Then I asked myself, When was the last time I listened?

Talking is communication; listening is connection.

The Oxford dictionaries define communication as “the imparting or exchanging of information by speaking, writing, or using some other medium”.

The above definition sounds quite familiar and correct, right? We know communication to be an exchange of words or information, which from the get-go alerts us that because this is an exchange, “I have got to have something,” and that something we have all assumed to be thought, which comes out as a word.

I always have something to say or contribute in order to feel like I am contributing fairly to the communication exchange. Some of you will say no, not really, Fundi; you don’t have to say anything.

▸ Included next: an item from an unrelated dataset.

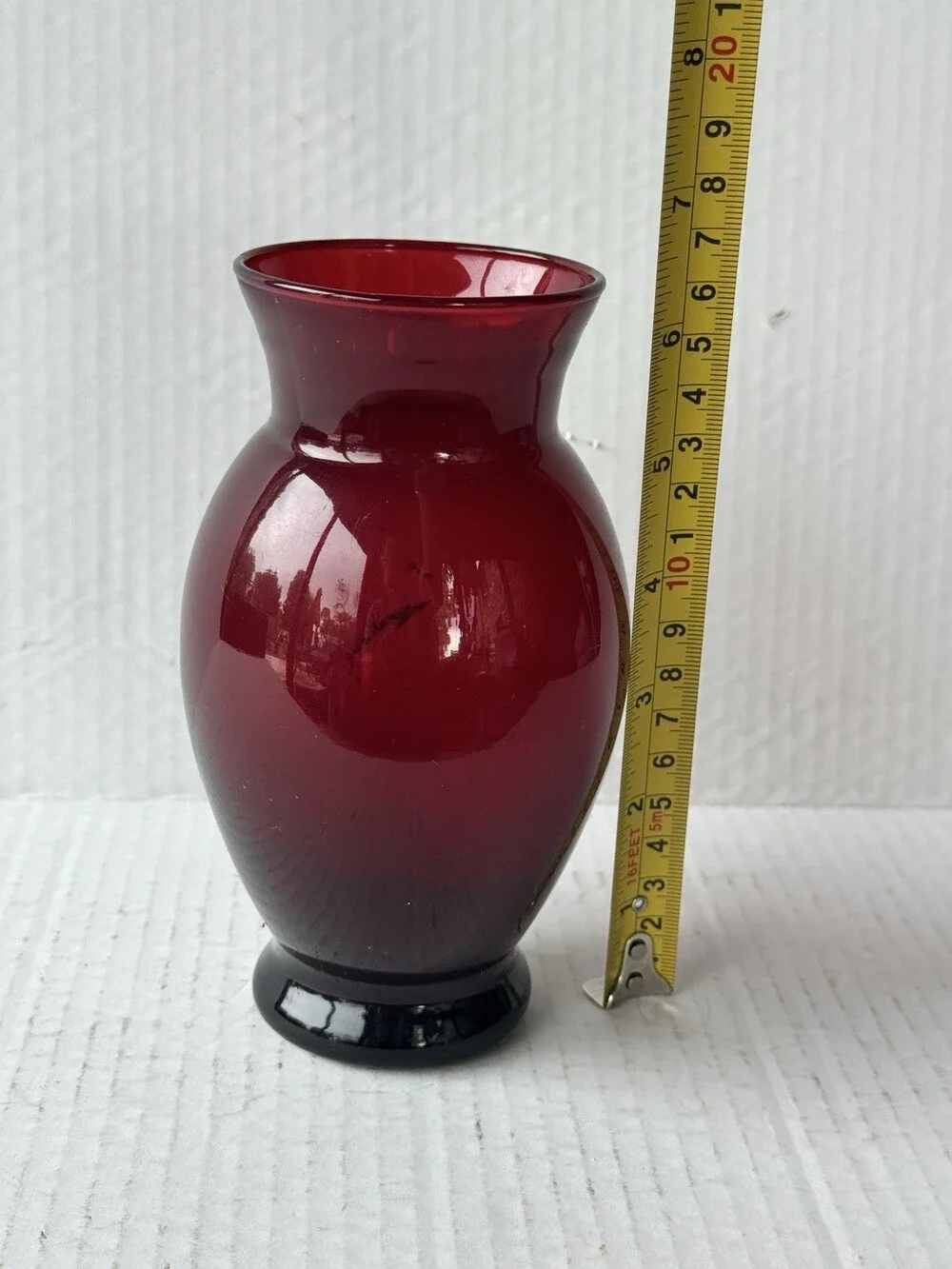 Vintage Ruby Red Art Glass Vase Black Ombre Footed Flared Rim 6.5”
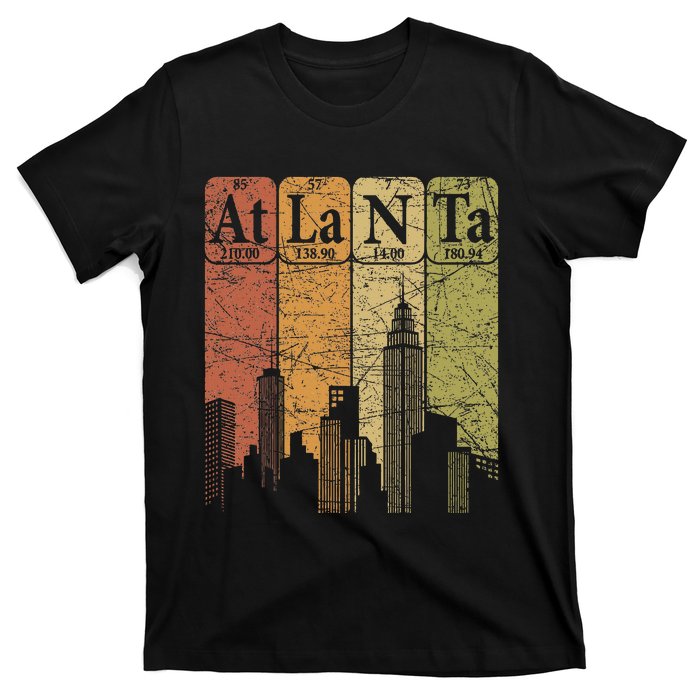 Atlanta Periodic Table Elements Atlanta Skyline Retro T-Shirt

And I think most people are the opposite of me — they don’t find the need to say anything. But do they listen? I will actually be honest and say that listening is one of the characteristics I could improve on. I can listen…for about 10 minutes max, but if your story is longer and there’s no end goal or climax, then I tend to lose focus, and I usually always try to keep the interest by asking questions, which excuses my lack of listening - you are still talking but just to my mind’s interest and not really what you might have wanted to communicate.

Call it ADHD or another concentration deficiency, but being a talker, even a louder one, does not guarantee any connection. Although I can still be classified as a great communicator, I haven’t captured the essence of communication to make connections. Neither have I been in enough engagements where I am being conversed with to be heard, seen, and valued.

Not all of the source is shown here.